2. SAS vs R: Program Comparison

Task SAS Approach R Approach (apply family)
Row/column summary PROC MEANS, DATA step loops apply()
List-wise operation Array processing, macros lapply(), sapply()
Grouped summary PROC MEANS, BY statement tapply(), aggregate(), by()
Parallel operation Macro loops mapply()

2A. Table: Common Use Cases for apply Family Functions

Function Typical Use Cases
apply - Row/column means, sums, min, max, sd;
- Summarize repeated measures (labs, vitals);
- Custom row/col ops
lapply - Apply function to each column (e.g., uppercase, trim);
- List element summaries;
- Convert types
sapply - Simplified summaries (length, class);
- Quick checks per column/element;
- Vectorized transformations
tapply - Grouped summaries (mean/sum by group);
- AE by severity, labs by visit;
- Counts by group
mapply - Row-wise operations across columns;
- Concatenate/combine columns;
- Custom flags/labels
replicate - Simulations, bootstrapping;
- Generate mock data;
- Repeated random sampling
vapply - Type-safe version of sapply;
- Enforce output type for summaries;
- Production code safety

3. apply(): Row/Column Operations on Matrices and Data Frames

Description:
apply() is used to apply a function to the rows or columns of a matrix or numeric data frame. It is especially useful for summarizing repeated measures (e.g., labs, vitals) for each subject.

Possible Uses:

  • Calculate row or column means, sums, min, max, standard deviation, etc.
  • Summarize repeated measures for each subject (e.g., multiple lab results, vital signs).
  • Apply custom functions to each row or column.
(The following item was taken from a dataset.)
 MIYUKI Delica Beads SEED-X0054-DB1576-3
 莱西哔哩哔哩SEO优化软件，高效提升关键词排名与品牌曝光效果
Input Table (Lab Results - LB):

USUBJID LBTESTCD LBORRES1 LBORRES2 LBORRES3
01-001 HGB 13.2 13.5 13.1
01-002 HGB 12.8 13.0 12.9
01-003 HGB 14.0 13.8 14.2
  • The second argument in apply function MARGIN, determines whether the function should be applied across rows or columns:
  • MARGIN = 1 → apply the function across rows (i.e., row-wise)
  • MARGIN = 2 → apply the function across columns (i.e., column-wise)

R Row Example:

# Dummy LB data
lb <- data.frame(
  USUBJID = c("01-001", "01-002", "01-003"),
  LBTESTCD = c("HGB", "HGB", "HGB"),
  LBORRES1 = c(13.2, 12.8, 14.0),
  LBORRES2 = c(13.5, 13.0, 13.8),
  LBORRES3 = c(13.1, 12.9, 14.2)
)
lb$row_mean <- apply(lb[, c("LBORRES1", "LBORRES2", "LBORRES3")], 1, mean)
lb$row_sd <- apply(lb[, c("LBORRES1", "LBORRES2", "LBORRES3")], 1, sd)
lb$row_min <- apply(lb[, c("LBORRES1", "LBORRES2", "LBORRES3")], 1, min)
lb$row_max <- apply(lb[, c("LBORRES1", "LBORRES2", "LBORRES3")], 1, max)

Output Table:

USUBJID LBTESTCD LBORRES1 LBORRES2 LBORRES3 row_mean row_sd row_min row_max
01-001 HGB 13.2 13.5 13.1 13.27 0.208 13.1 13.5
01-002 HGB 12.8 13.0 12.9 12.90 0.100 12.8 13.0
01-003 HGB 14.0 13.8 14.2 14.00 0.200 13.8 14.2

R Column Example: We’ll now apply a function column-wise to the three lab result columns.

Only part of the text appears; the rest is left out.